START EXTRACTED INFORMATION

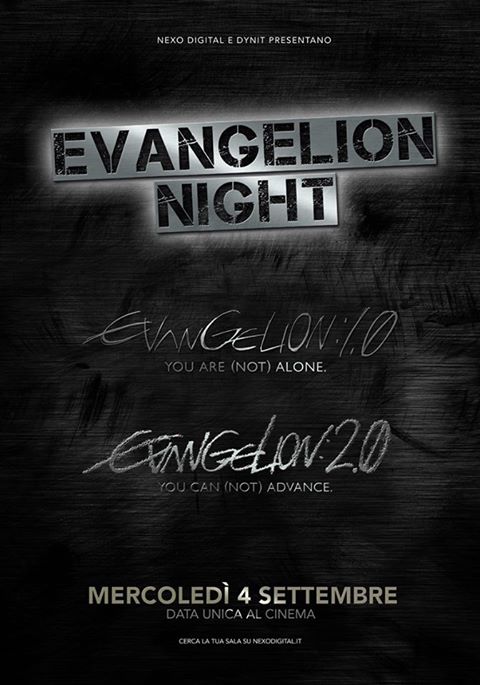 Locandina dell'evento Evangelion Night, che porterà nei cinema italiani Evangelion: 1.0 ed Evangelion: 2.0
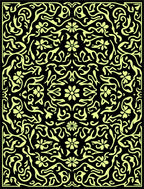 Black Yellow Floral Swirl Pattern Rug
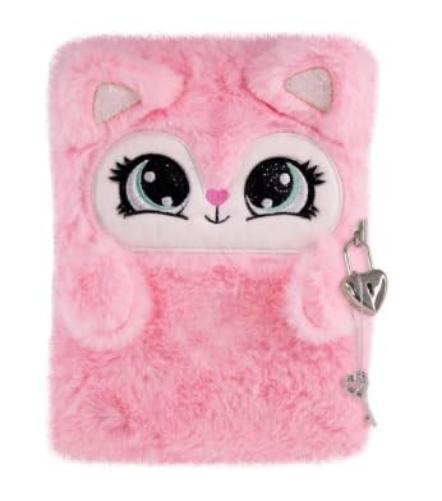 Trendenz Tinka - Pluche dagboek met slot - Rosa Cat (8-802146)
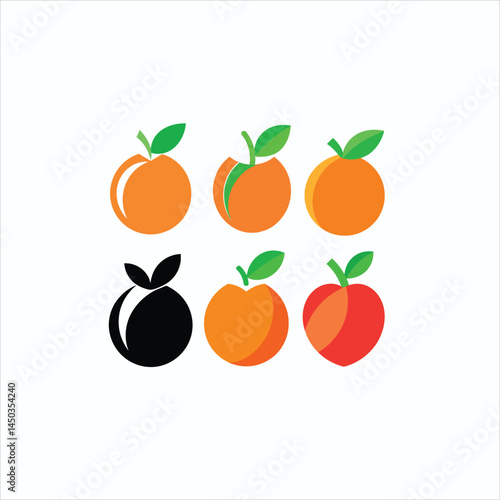 Colorful Peach and Orange Fruit Illustrations with Black Silhouette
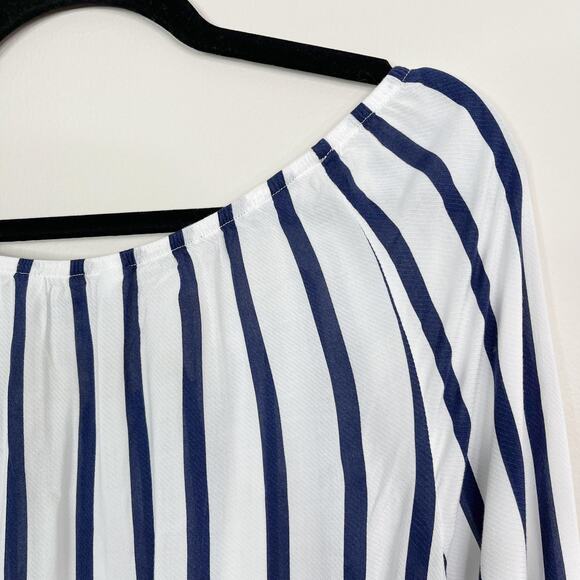 Cupcakes and Cashmere Small Striped Off The Shoulder Top White Blue Button Front - Picture 5 of 9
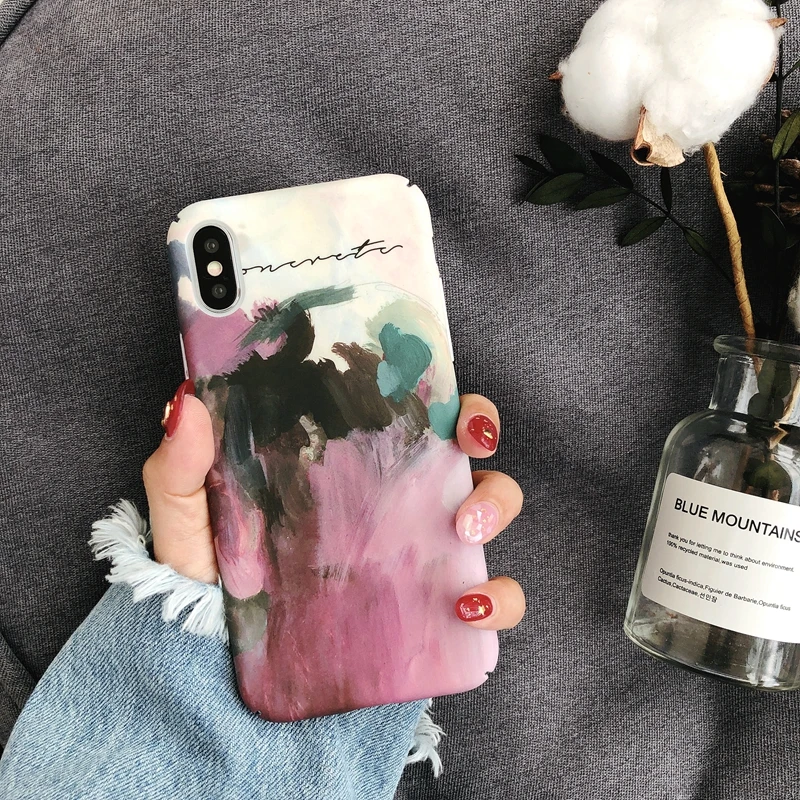 Colorful Ink Printed Case For iPhone X 8 Plus Slim Hard Plastic Full Protective Cover 7 6 6S Coque |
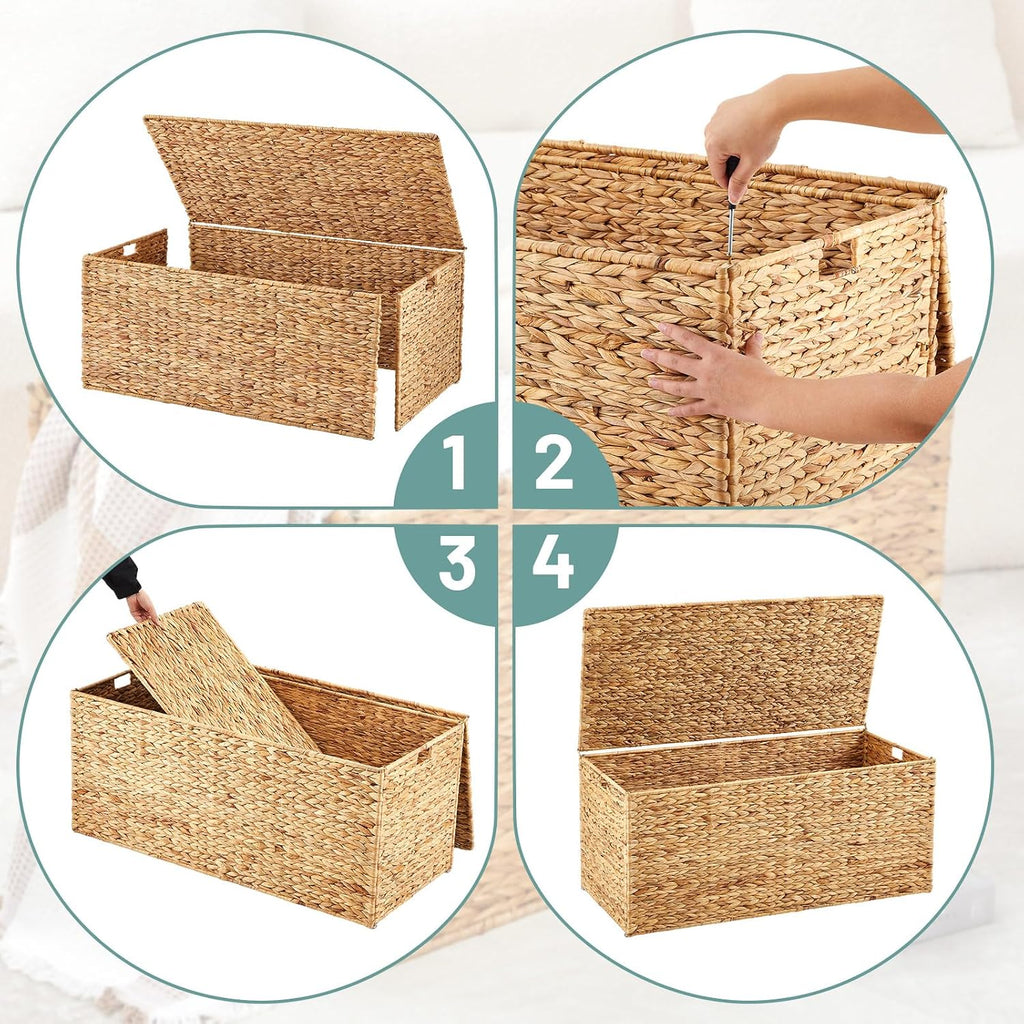 Water Hyacinth Wicker Storage Trunk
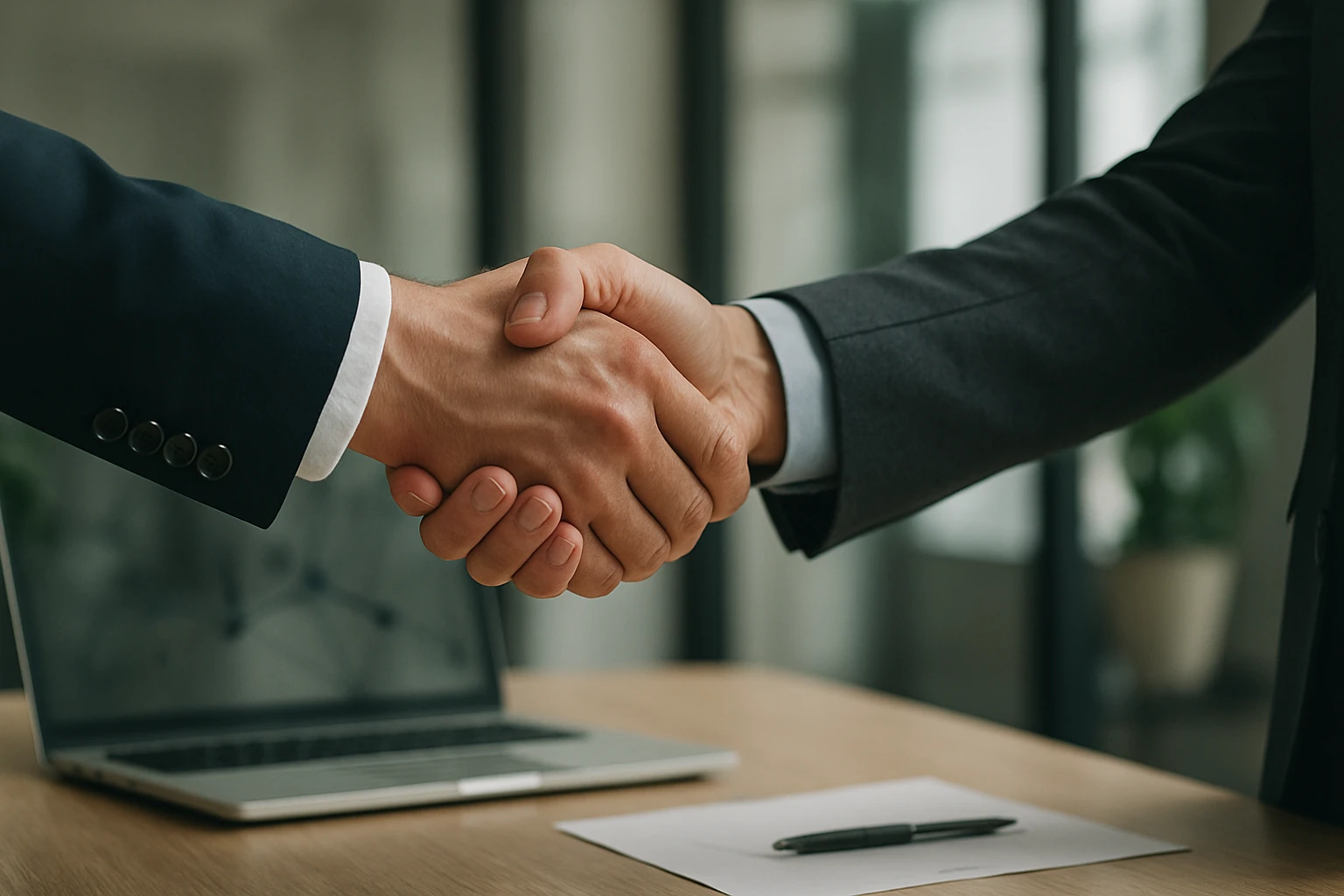 Két üzletember kezet fog egy tárgyalás során, háttérben laptop és papír.
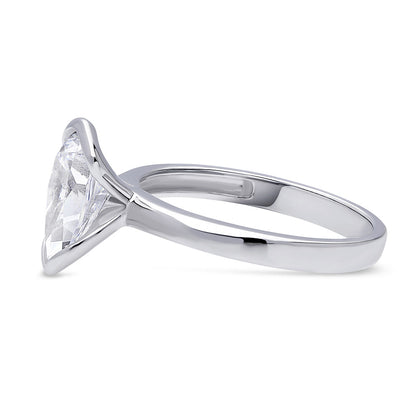 Solitaire 1.8ct Bezel Pear CZ Ring in Sterling Silver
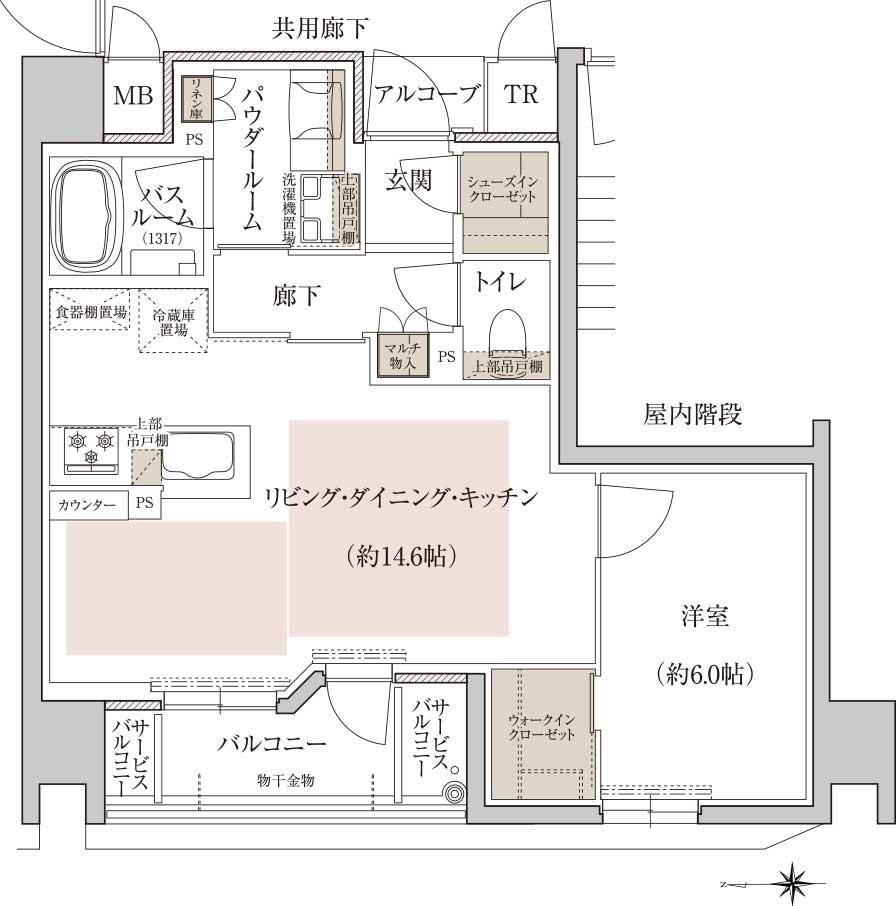 プレミスト京都 二条城北 間取り I TYPE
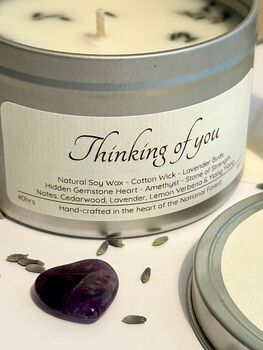 Sympathy Candle Gift Box With Hidden Gemstone Heart, 8 of 11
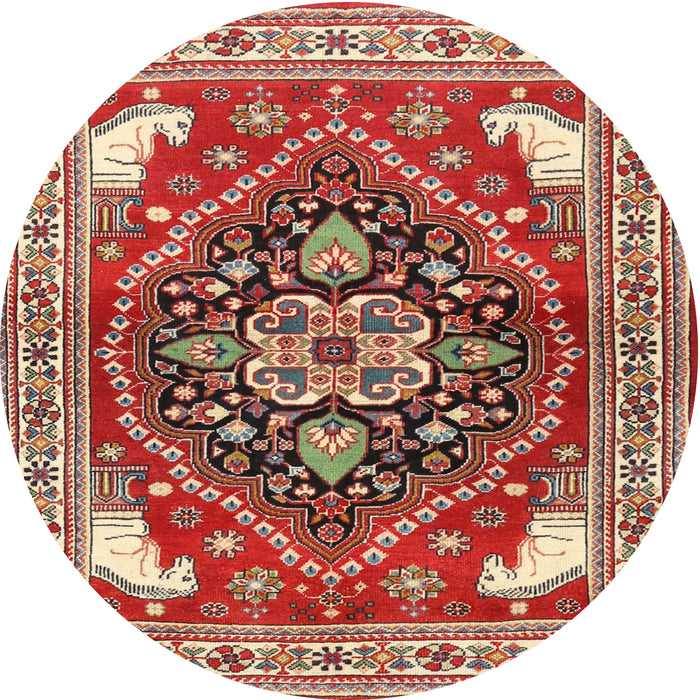 Square Machine Washable Traditional Red Rug, wshtr1279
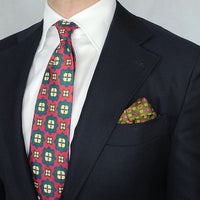 Olive Green Abstract Silk Pocket Square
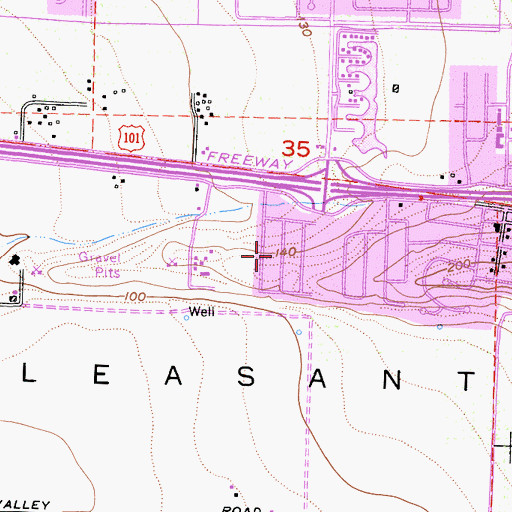 Topographic Map of Camarillo Mobile Estates, CA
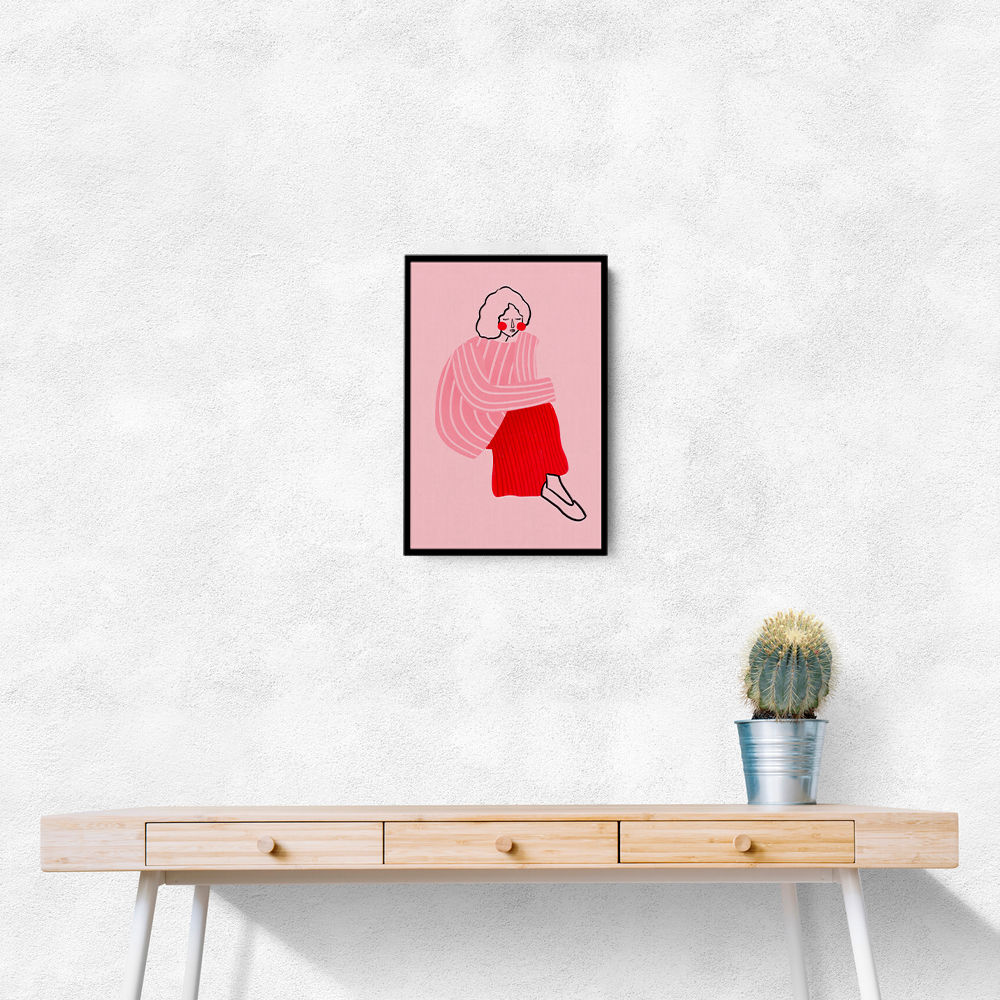Pink and Red Line Lady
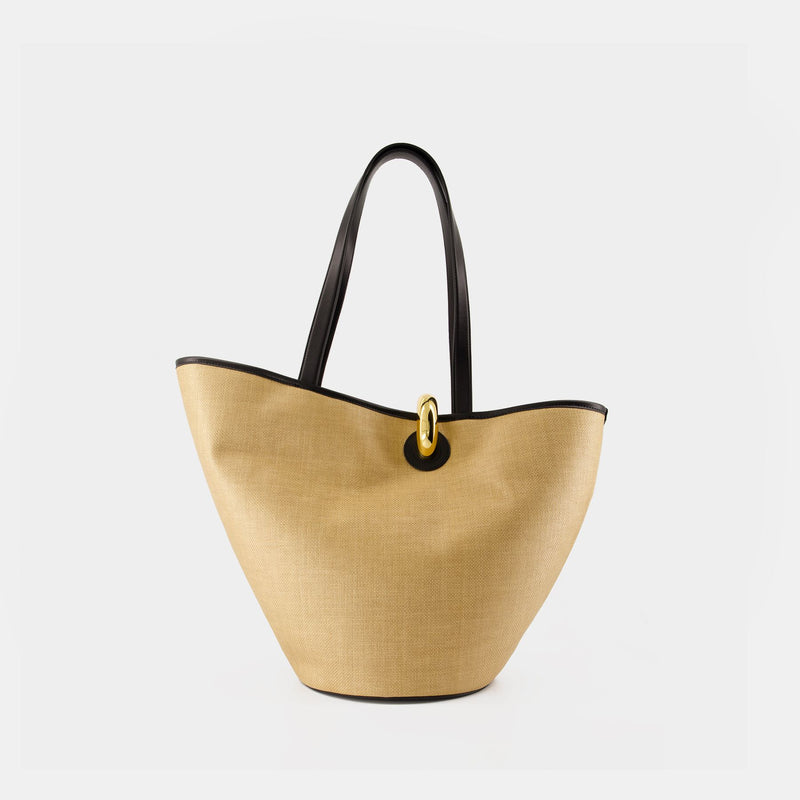 Le Bambola Shopper Bag - Jacquemus - Leather - Ivory/Black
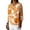 Orange, variant on Staron Women's Linen Top V-Neck Three Quarter Sleeve Loose Casual Blouse with Curved Hem, Blue M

END EXTRACTED INFORMATION

• [TASK ITEM]
In the entries above, find the line with "Water Hyacinth Wicker Storage Trunk" and the line with "Olive Green Abstract Silk Pocket Square". Return exactly those lines and all the ones between them, pictures excluded.

• [RESULT BELOW]
 Water Hyacinth Wicker Storage Trunk
 Két üzletember kezet fog egy tárgyalás során, háttérben laptop és papír.
 Solitaire 1.8ct Bezel Pear CZ Ring in Sterling Silver
 プレミスト京都 二条城北 間取り I TYPE
 Sympathy Candle Gift Box With Hidden Gemstone Heart, 8 of 11
 Square Machine Washable Traditional Red Rug, wshtr1279
 Olive Green Abstract Silk Pocket Square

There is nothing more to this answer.